In 2023, Dr. Ramakrishna was awarded a ChadTough Defeat DIPG New Investigator grant to explore the resistance of CAR T-cell therapy in DIPG patients.

Initial Findings

Dr. Ramakrishna’s project titled Immune Determinants of GD2 CAR-T Cell Activity in Patients with DIPG seeks to learn from patients to understand why CAR T-cells succeed or fail, with the goal of identifying approaches to improve this treatment for patients. To do so, she developed a comprehensive platform to collect patient samples throughout CAR T-cell treatment. 

Dr.

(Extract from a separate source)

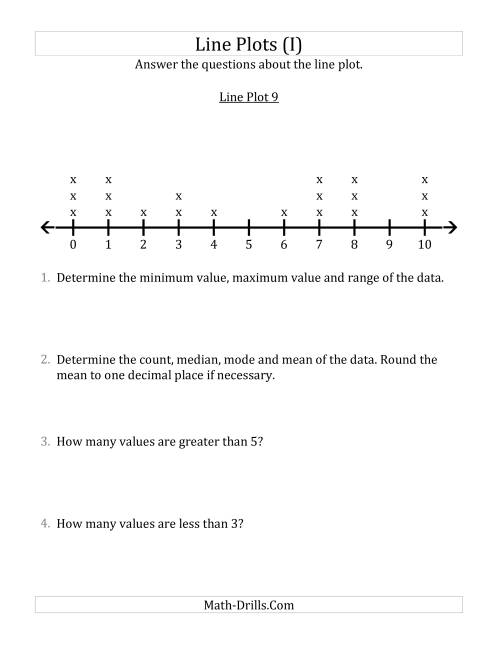 The Questions About Line Plots with Smaller Data Sets and Smaller Numbers (I) Math Worksheet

Ramakrishna and her team studied samples from patients in the first-in-human GD2 CAR-T trial treating DIPG. They discovered that when the CAR-T cells were delivered directly into the brain, there was a stronger immune response and fewer cells that suppress the immune system, compared to when the treatment was given through the bloodstream. Now, her team is using advanced techniques to analyze individual cells from patients to better understand what makes the treatment work or fail. Based on what they’ve learned, they’re exploring ways to improve the effectiveness of CAR-T therapy and bring these improvements to the clinic.

The 2023 ChadTough Defeat DIPG New Investigator grant is allowing Dr. Ramakrishna and her team to learn how to improve CAR T-cell therapy for DIPG patients with the ultimate goal to cure this incurable disease.